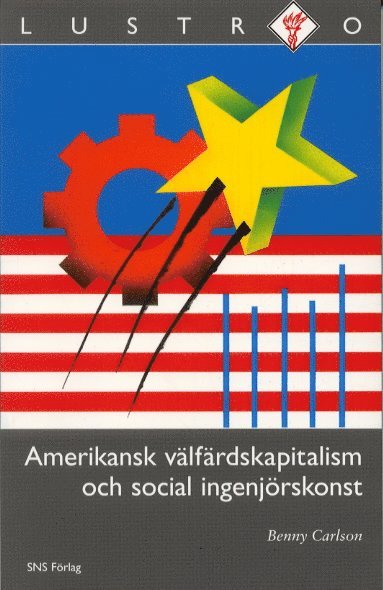 bokomslag Amerikansk välfärdskapitalism och social ingenjörskonst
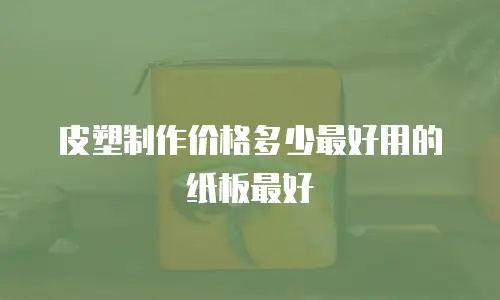 皮塑制作价格多少最好用的纸板最好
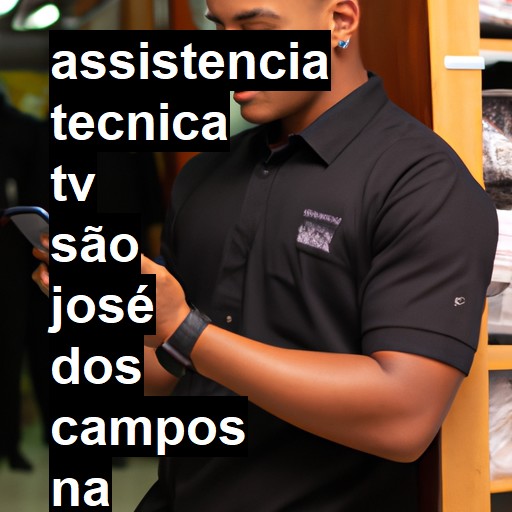 Assistência Técnica tv  em São José dos Campos |  R$ 99,00 (a partir)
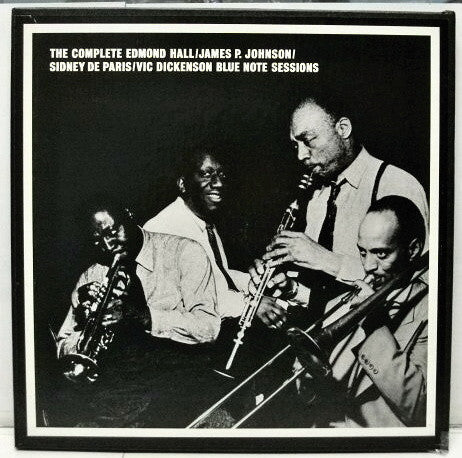 Edmond Hall / James P. Johnson* / Sidney De Paris / Vic Dickenson : The Complete Edmond Hall / James P. Johnson / Sidney De Paris / Vic Dickenson Blue Note Sessions (6xLP, Comp + Box, Album, Ltd, Num)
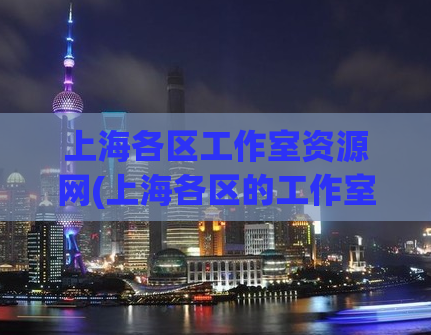 上海各区工作室资源网(上海各区的工作室资源网大揭秘！)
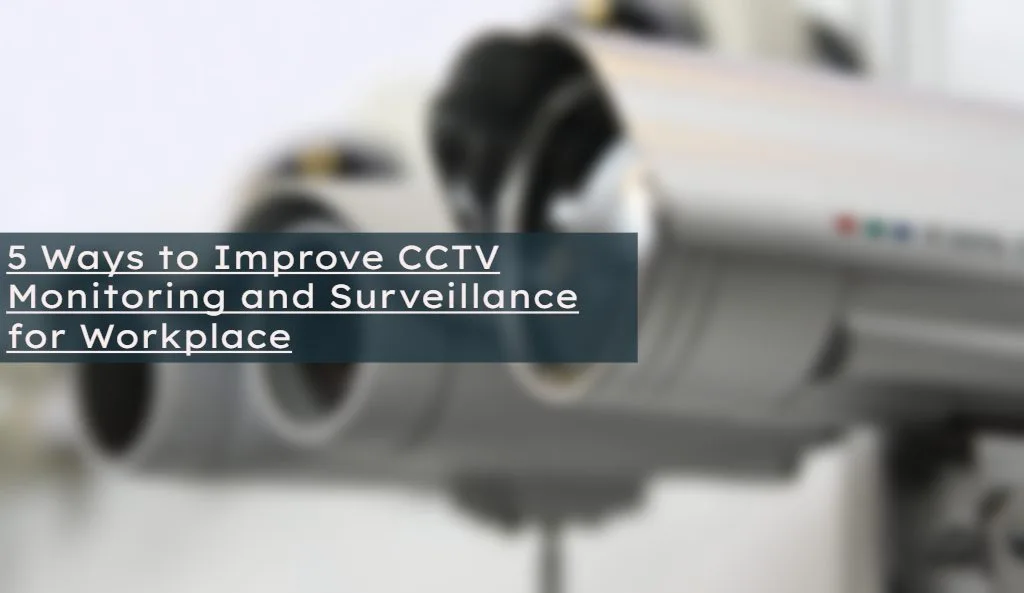 CCTV Monitoring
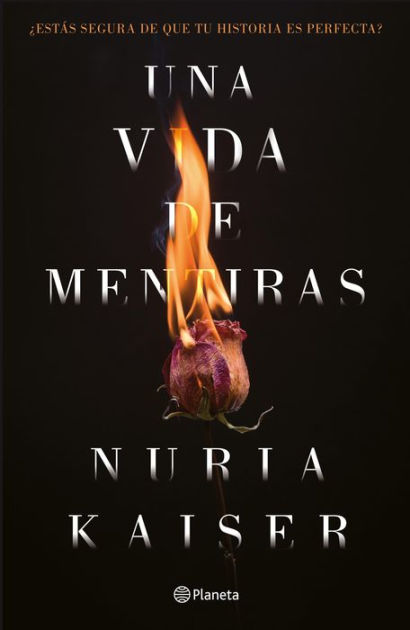 Una vida de mentiras - Nuria Kaiser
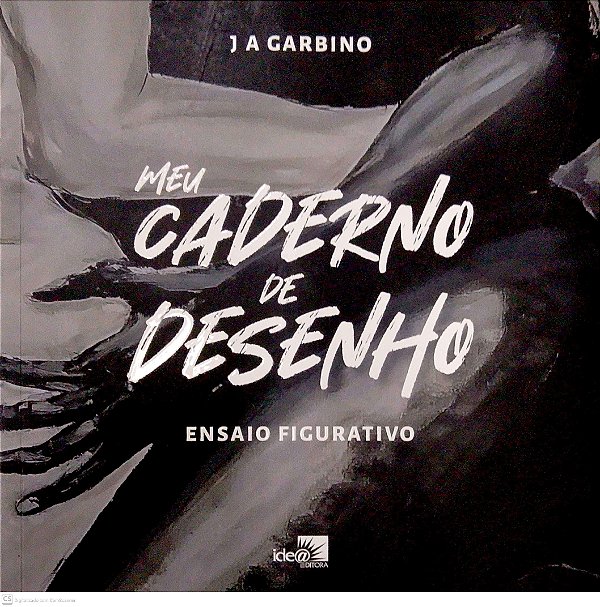 Livro Meu Caderno de Desenho - Ensaio Figurativo Autor Garbino, J a (2023) [usado]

*What to work on*.
Nothing but the lines from the one containing "上海各区工作室资源网(上海各区的工作室资源网大揭秘！)" through the end of the listing is to be output, and those lines are to be output exactly, pictures excluded.

*Solved problem*.
 上海各区工作室资源网(上海各区的工作室资源网大揭秘！)
 CCTV Monitoring
 Una vida de mentiras - Nuria Kaiser
 Livro Meu Caderno de Desenho - Ensaio Figurativo Autor Garbino, J a (2023) [usado]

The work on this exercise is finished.